* **What you are asked to do**
Retype, without any change, the first line of the records and every line after it through the one containing "7656 S 4770".

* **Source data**
== Segment start ==
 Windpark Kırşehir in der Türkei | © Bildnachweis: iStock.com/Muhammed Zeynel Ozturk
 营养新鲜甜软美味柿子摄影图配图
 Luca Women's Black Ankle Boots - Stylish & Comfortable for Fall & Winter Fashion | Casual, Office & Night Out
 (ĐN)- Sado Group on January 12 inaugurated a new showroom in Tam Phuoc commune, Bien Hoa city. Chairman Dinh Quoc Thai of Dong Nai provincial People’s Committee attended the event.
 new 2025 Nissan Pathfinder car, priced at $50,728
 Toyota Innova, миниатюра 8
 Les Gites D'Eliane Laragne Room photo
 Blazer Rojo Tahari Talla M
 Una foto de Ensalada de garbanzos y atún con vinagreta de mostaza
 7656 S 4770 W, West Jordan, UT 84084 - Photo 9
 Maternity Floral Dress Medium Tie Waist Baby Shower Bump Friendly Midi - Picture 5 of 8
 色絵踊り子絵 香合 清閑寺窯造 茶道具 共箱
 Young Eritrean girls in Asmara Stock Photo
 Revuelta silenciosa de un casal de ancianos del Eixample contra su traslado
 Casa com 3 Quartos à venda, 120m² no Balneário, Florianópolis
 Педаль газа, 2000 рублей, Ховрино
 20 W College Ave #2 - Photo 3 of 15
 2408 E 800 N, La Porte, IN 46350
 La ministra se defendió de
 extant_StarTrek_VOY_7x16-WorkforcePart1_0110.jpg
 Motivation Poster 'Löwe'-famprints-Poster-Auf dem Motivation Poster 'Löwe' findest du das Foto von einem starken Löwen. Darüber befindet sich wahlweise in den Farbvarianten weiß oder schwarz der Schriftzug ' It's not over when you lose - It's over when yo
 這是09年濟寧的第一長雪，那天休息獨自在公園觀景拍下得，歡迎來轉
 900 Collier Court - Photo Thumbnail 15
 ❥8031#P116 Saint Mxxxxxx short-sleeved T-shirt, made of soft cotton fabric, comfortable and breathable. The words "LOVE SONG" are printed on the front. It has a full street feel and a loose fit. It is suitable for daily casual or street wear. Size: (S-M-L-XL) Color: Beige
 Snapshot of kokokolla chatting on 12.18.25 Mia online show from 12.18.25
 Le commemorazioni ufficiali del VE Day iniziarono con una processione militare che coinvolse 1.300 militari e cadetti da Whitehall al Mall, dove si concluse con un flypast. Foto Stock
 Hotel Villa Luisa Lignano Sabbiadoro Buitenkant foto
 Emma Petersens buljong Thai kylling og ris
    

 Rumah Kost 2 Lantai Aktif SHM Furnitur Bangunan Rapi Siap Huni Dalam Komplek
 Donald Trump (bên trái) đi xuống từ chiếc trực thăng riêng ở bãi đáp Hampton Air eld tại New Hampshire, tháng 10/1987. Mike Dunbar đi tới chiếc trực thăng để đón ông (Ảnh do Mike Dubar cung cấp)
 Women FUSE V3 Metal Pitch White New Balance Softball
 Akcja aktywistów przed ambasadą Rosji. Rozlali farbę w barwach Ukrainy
== Segment end ==
* **Expected output**
 Windpark Kırşehir in der Türkei | © Bildnachweis: iStock.com/Muhammed Zeynel Ozturk
 营养新鲜甜软美味柿子摄影图配图
 Luca Women's Black Ankle Boots - Stylish & Comfortable for Fall & Winter Fashion | Casual, Office & Night Out
 (ĐN)- Sado Group on January 12 inaugurated a new showroom in Tam Phuoc commune, Bien Hoa city. Chairman Dinh Quoc Thai of Dong Nai provincial People’s Committee attended the event.
 new 2025 Nissan Pathfinder car, priced at $50,728
 Toyota Innova, миниатюра 8
 Les Gites D'Eliane Laragne Room photo
 Blazer Rojo Tahari Talla M
 Una foto de Ensalada de garbanzos y atún con vinagreta de mostaza
 7656 S 4770 W, West Jordan, UT 84084 - Photo 9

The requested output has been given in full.